[EM] IRV Failures

Bart Ingles bartman at netgate.net
Tue Mar 8 08:47:26 PST 2005


Eric Gorr wrote:
> In a recent conversation with an IRV supporter I asked the question:
> 
>  What cases would you accept as failure of IRV?
> 
> They answered:
> 
>  Where the general public (or a significant fraction of it) failed to
>  accept the results as legitimate, or at least beyond question.  The
>  2000 and 2004 Presidential elections are examples of failed elections.
>  San Franciso's election was heralded as a success.

I didn't know that 2004 was widely regarded as illegitimate.

> They also believe that IRV has never failed to produce a fully 
> satisfactory result. Can anyone provide evidence to the contrary?

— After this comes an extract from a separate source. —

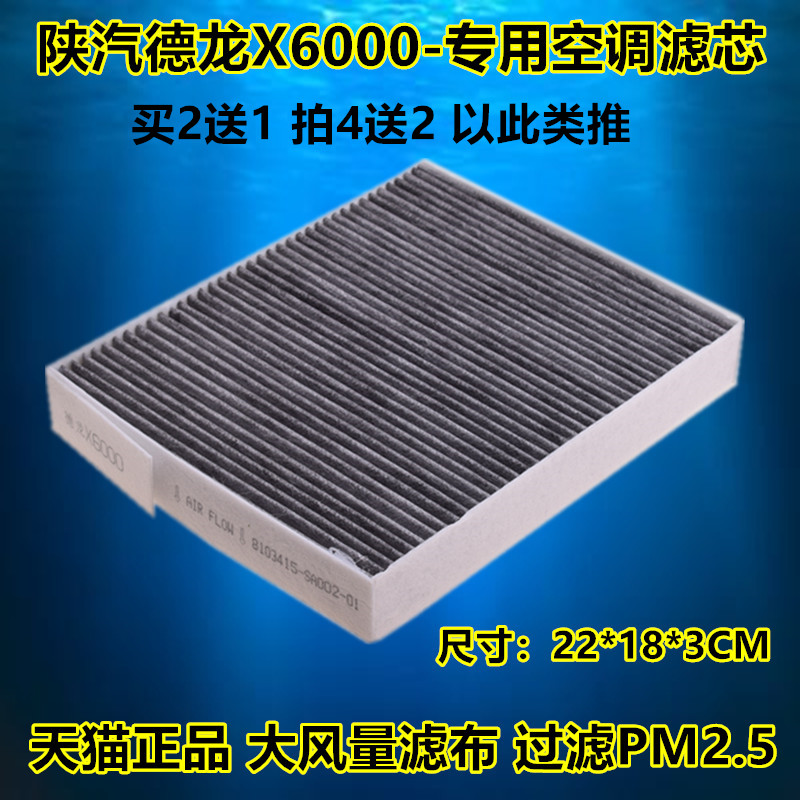 金佰信德龙X6000专用正品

I'm sure "satisfactory result" is already defined as "IRV winner", but 
here goes:

(1) Australian lower house:  District elections are two-party races, 
with Labour on the left and Liberal/National on the right, despite 
whatever multiparty system exists in the PR-elected Senate.  Although a 
two-party race doesn't provide much opportunity for an IIA or 
monotonicity failure, some would view the absence of true multiparty 
competition as the real failure.

Also, the prevalence of "how to vote" cards in Australia is often cited 
as an IRV-induced problem.

(2) San Francisco 2004:  Of the four Supervisorial races tallied using 
IRV, none elected a candidate with a majority of votes.  In one of the 
races, the winner only received about 30% of the original vote.  The 
main cause appears to be that voters were only allowed to rank three 
choices, even though there were many more than three candidates.

In all four cases, the IRV winner agreed with the first-choice Plurality 
tally.  Although IRV supporters are claiming that this is "positive"-- 
that IRV didn' produce "unexpected" results-- it is probably a 
predictable result of the three-choice limitation (the fewer choices 
allowed, the closer the result will be to Plurality).  Also, the three 
choice restriction would likely have masked any 
Condorcet/IIA/monotonicity failures.

(3) California gubernatorial race, 2002:  Although IRV wasn't used (it's 
difficult to show actualy IRV failures when it hasn't been adopted), the 
primary/general election was similar enough to a runoff to show what 
would have happened under IRV.  The Republican primary featured Simon 
and Riordan, while Davis ran opposed as the Democratic incumbent. 
Riordan was eliminated in the primary, even though he was viewed as a 
head-to-head favorite against either of the other two candidates.  Davis 
won, setting  the stage for a successful recall election a year later.

Ironically, a similar situation arose in the 2003 recall election, with 
McClintock and Schwarzenegger replacing Simon and Riordan.  Since this 
was a single-round election, the need for strategy was obvious and 
Republicans overwhelmingly backed the moderate candidate.

(4) Louisiana 1998(?) governor's race-- similar to California 2002.